** PROBLEM TO SOLVE **
From the line containing "kleio women's canvas" to the line containing "Preview of Kiern" in the records below, set down every line exactly as it stands, both ends included, and skip the pictures.

** PROVIDED DATA **

************

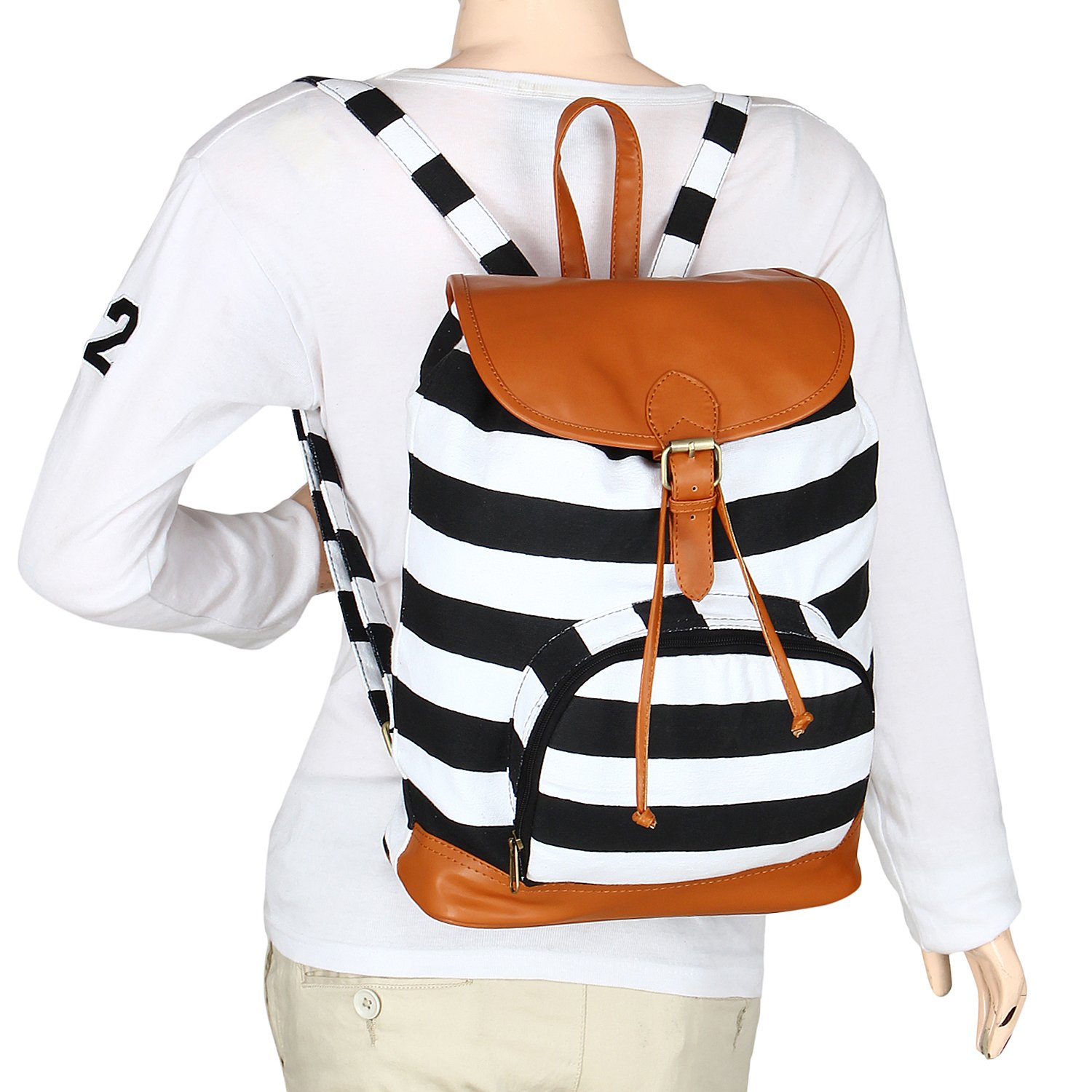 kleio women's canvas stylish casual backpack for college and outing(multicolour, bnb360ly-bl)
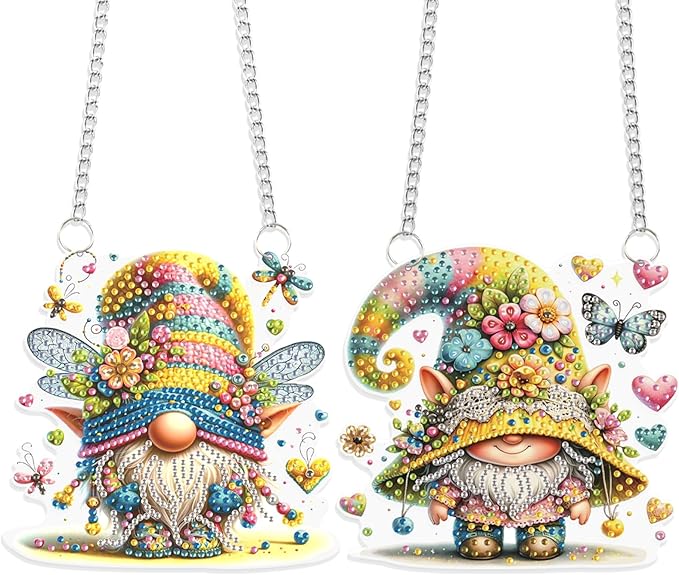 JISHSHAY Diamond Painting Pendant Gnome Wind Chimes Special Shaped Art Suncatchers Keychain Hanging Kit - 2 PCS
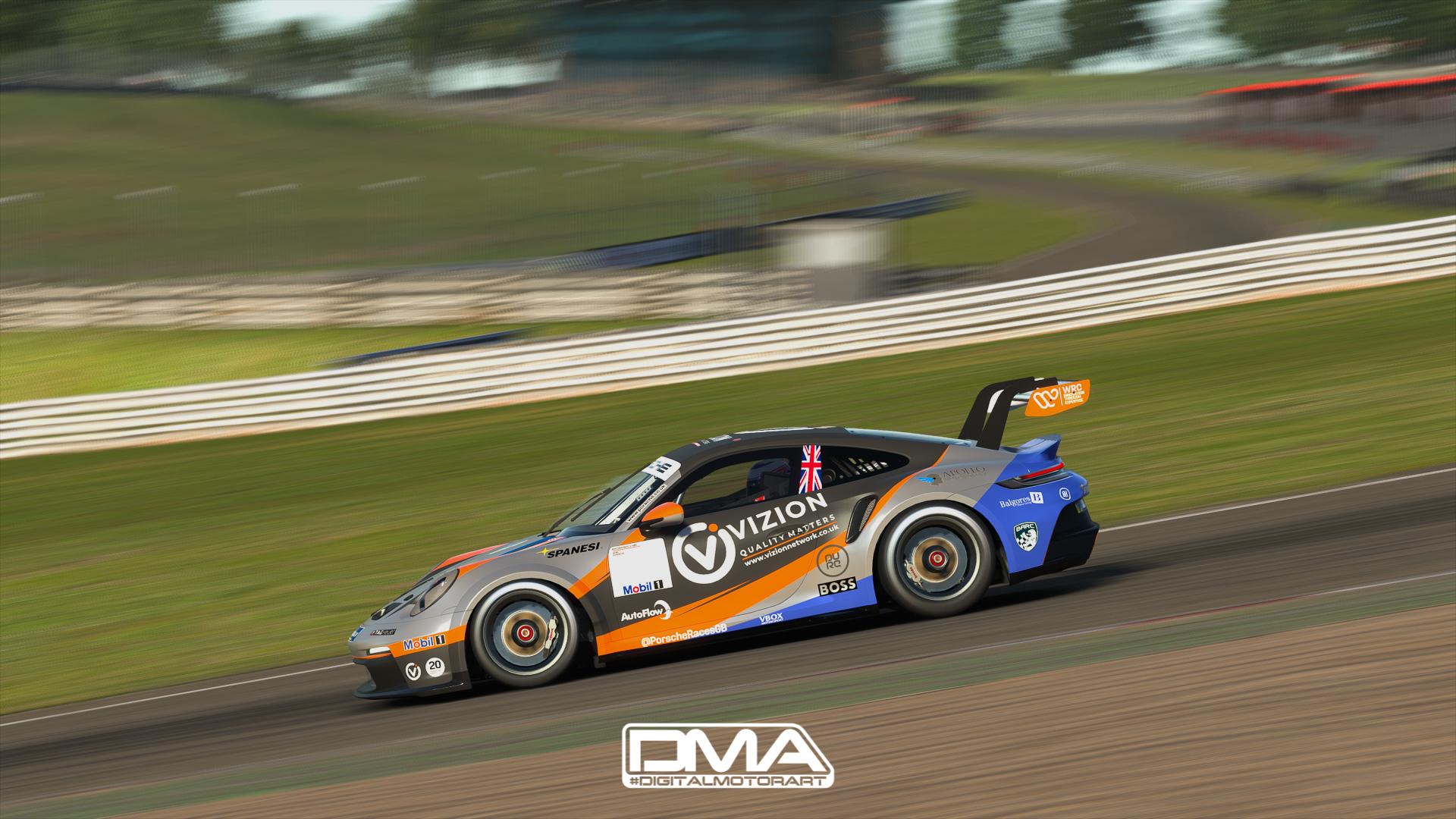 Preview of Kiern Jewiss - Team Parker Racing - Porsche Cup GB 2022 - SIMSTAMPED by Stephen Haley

************

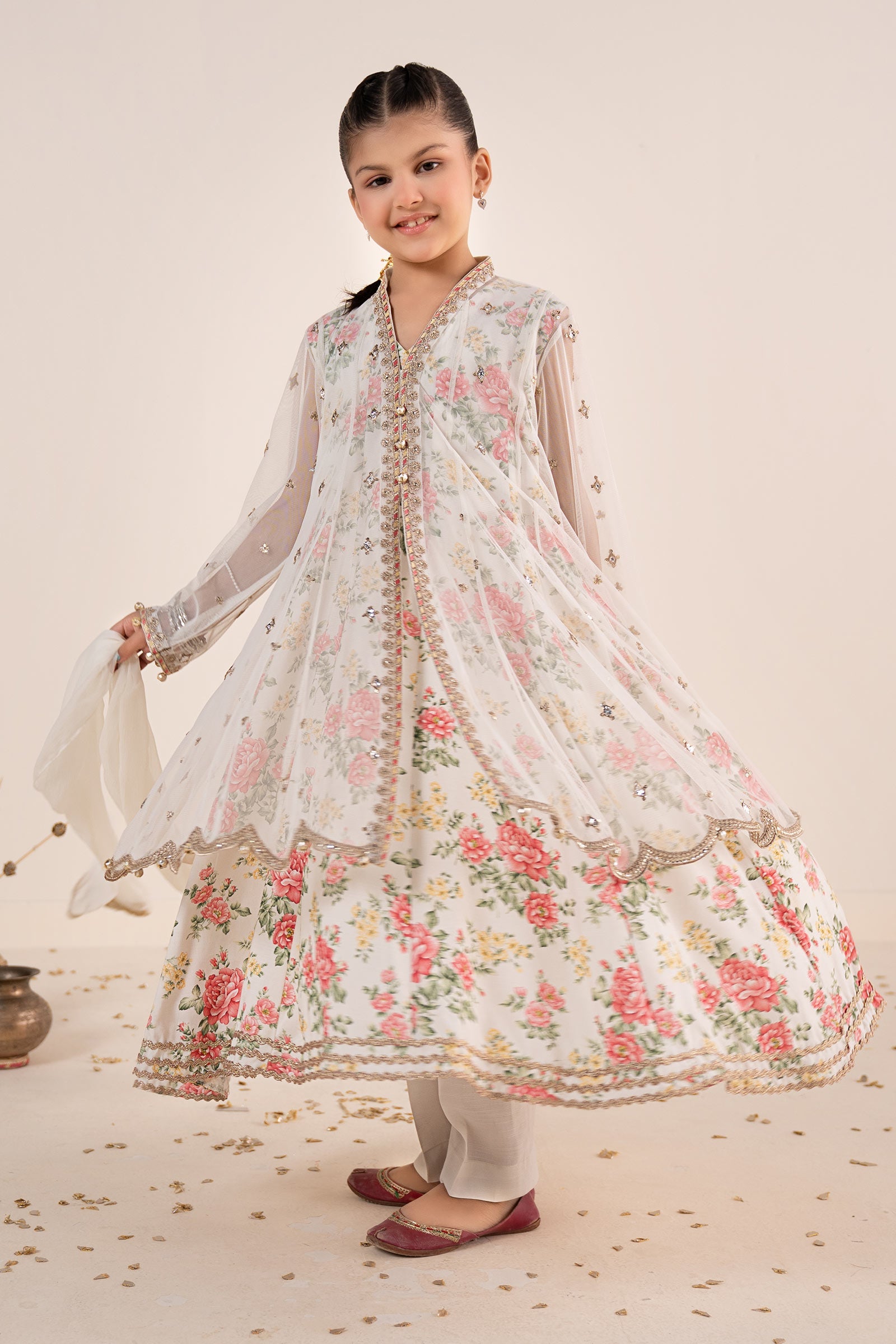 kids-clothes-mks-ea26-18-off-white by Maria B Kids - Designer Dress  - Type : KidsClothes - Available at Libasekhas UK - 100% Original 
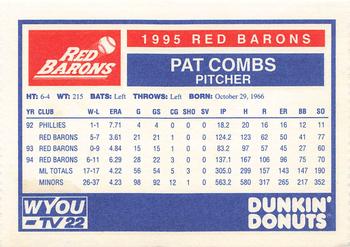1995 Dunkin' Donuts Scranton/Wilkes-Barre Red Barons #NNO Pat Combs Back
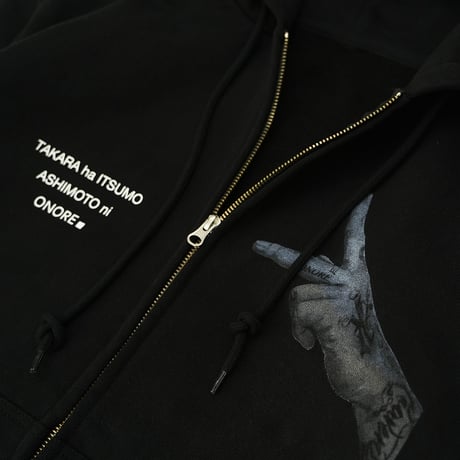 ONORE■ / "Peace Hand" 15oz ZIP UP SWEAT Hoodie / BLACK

************

** YOUR RESPONSE **
 kleio women's canvas stylish casual backpack for college and outing(multicolour, bnb360ly-bl)
 JISHSHAY Diamond Painting Pendant Gnome Wind Chimes Special Shaped Art Suncatchers Keychain Hanging Kit - 2 PCS
 Preview of Kiern Jewiss - Team Parker Racing - Porsche Cup GB 2022 - SIMSTAMPED by Stephen Haley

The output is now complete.